There are serious questions being asked about what the future of lecturing holds and in some cases the viability of universities in a post-COVID world depending on how long it takes international travel return to pre-COVID levels. These issues are of course not unique to universities and many people, young and old, will be worrying about their employment future or indeed may already have lost their jobs or had their career ambitions frustrated. This may close some doors as certain types of employment may not be available for some time but I’m confident that with the adaptations we’ve seen during the pandemic already, other doors will open. 

8) Do you have any words of wisdom for AOCS student members?

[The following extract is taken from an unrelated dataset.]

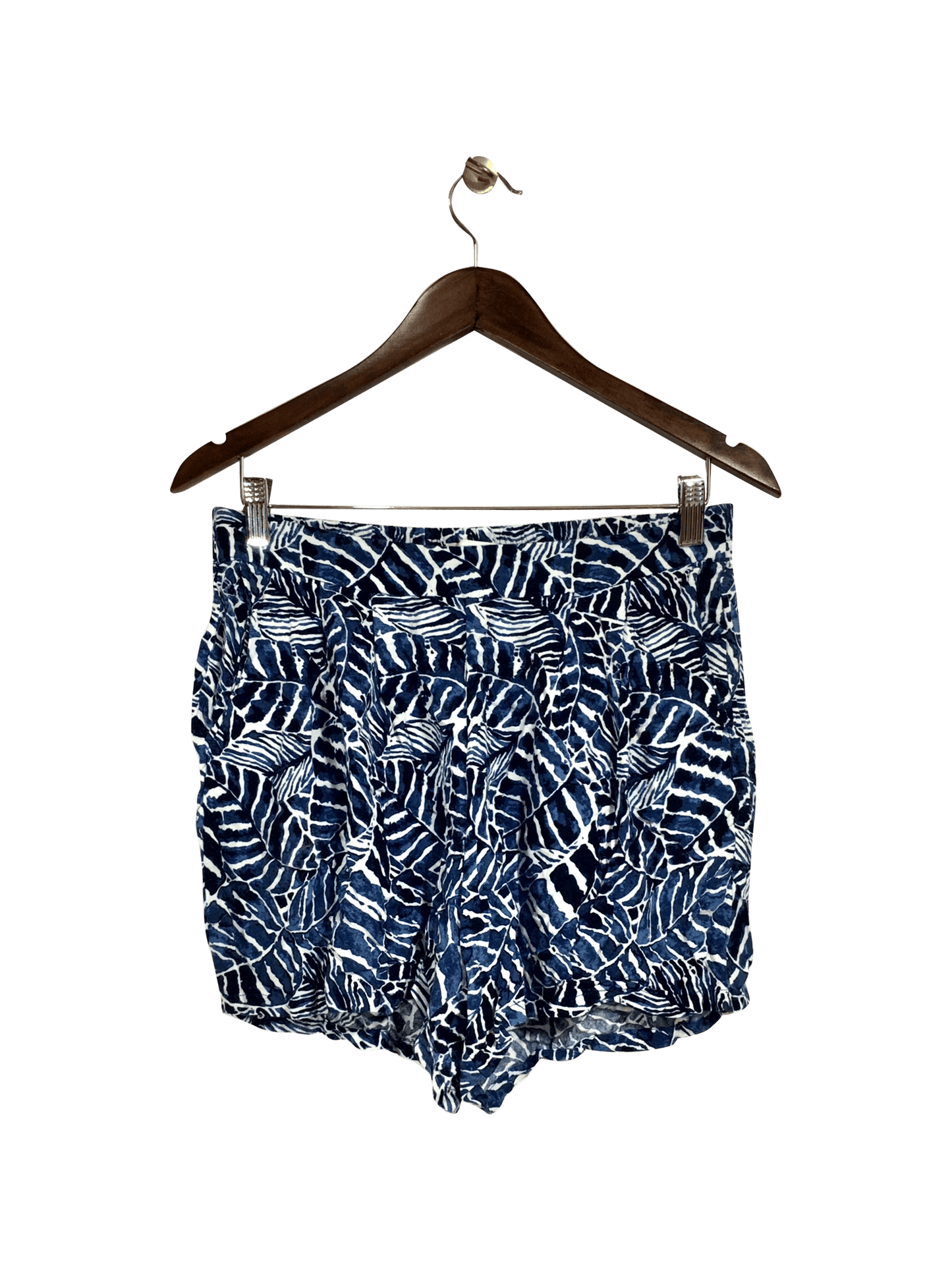 H&M Pant Shorts Regular fit in Blue - 8 - Velora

Do what you do well and believe in your work, if you don’t believe in it why will anyone else? Don’t just understand the output of what you’ve done but how the process/technique works, life is not a black box. Be flexible and agile to solve complex problems, think sideways if you can’t bust straight through a problem and think in terms of what you know and not what you don’t. 

Have a support network of friends and family and be there for them as they are there for you, we all have bad days irrespective of career stage. Finally, don’t let opportunities that come your way pass you by, they may never come around again.

9) How has AOCS helped you develop as a young scientist?

So far, AOCS has helped me by giving me a different (more industrial) perspective on the utility of oils and fats and giving me a new network of experts to tap into. Ideas come from expanding your knowledge and the AOCS has certainly helped me to do that. I look forward to many more developments to come as we get to meet face-to-face again.